El segundo obstáculo es peor aún. Cual si frikis por naturaleza fuesen, como personajes de una comedia al estilo Resacón en las vegas o parecida, nuestra clase política dirigente se ha instalado en la presunción de inambigüedad con una determinación aterradora: todo es como ellos digan y quien manifieste o piense lo contrario, una de dos, o es un enfermo —sociópata— o una mala persona inclinada al ultraderechismo. El discurso único propio del pensamiento único se va salvando de momento porque —a la recentísima historia me remito— va mudando conforme se afinan o descomponen los intereses inmediatos del gran hermano gobernante; de tal manera, como hay que convencer a la plebe de que lo dicho ayer ya no sirve y lo inventado esta noche es lo que cuenta para mañana, se producen ciertos períodos de adaptación teórica por así decirlo, lo que da algo de tregua a quienes huimos de esa manía trastornada de presentar la verdad y la realidad como un monolito indiscutible.
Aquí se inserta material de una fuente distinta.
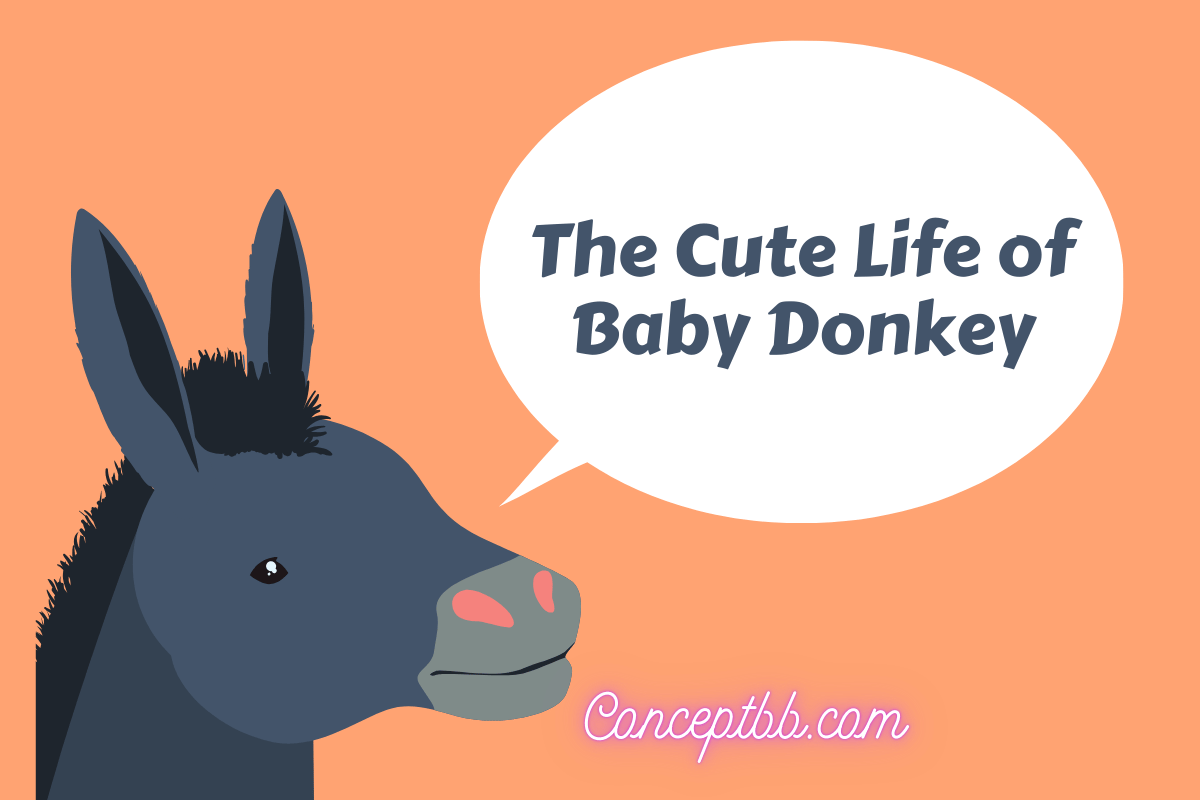 baby donkey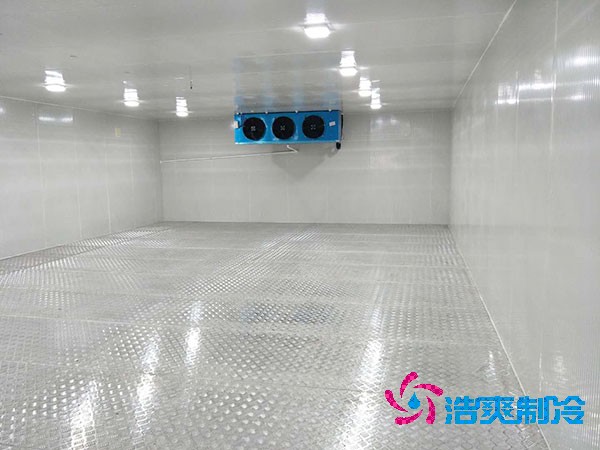 建造一個餐飲雙溫冷庫造價成本需要多少資金？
Pero también es cierto —y lamentablemente en vigencia— que el núcleo fundante y rocoso de esa ofuscación se mantiene erguido como una jirafa ante el cauce de un río seco. Quien no esté atento y no diga amén inmediatamente, fascista perdido. Las transiciones entre lo dicho para una breve temporada y el previsible “donde dije digo, digo Diego” descolocan también a los opinadores profesionales a sueldo del poder, quienes se las ven y se las desean para exponer sus alegatos acordes con lo que piensan los mandantes, más que nada porque ni los propios mandantes saben con certeza lo que toca defender cada nuevo día. La solución a la que recurren con tanto ridículo como éxito es repetir los argumentos escuchados media hora antes a todo el que tenga cargo de dirección general para arriba. Con eso salvan los muebles aunque no la vergüenza. En suma, contemplamos el prodigio de un gobierno contagiado de frikismo y desquiciado de luces que ha conseguido transmitir a sus medios de comunicación —o sea, a casi todos los medios— su perspectiva locaria de la vida y la política; y esos medios, a su vez, repercuten la majadería hacia la base popular con el desenfado de quien cree dirigirse a niños de escuela en una fiesta de fin de curso. Ese es el fondo pueril de toda esta historia, aunque, sospecho, no nos tratan exactamente como a niños sino como a adultos de poco seso. Y si el pueblo calla, otorga. Y si les vuelven a votar cada tres o cuatro años, mejor para el manicomio y para el doctor loco que lo dirige.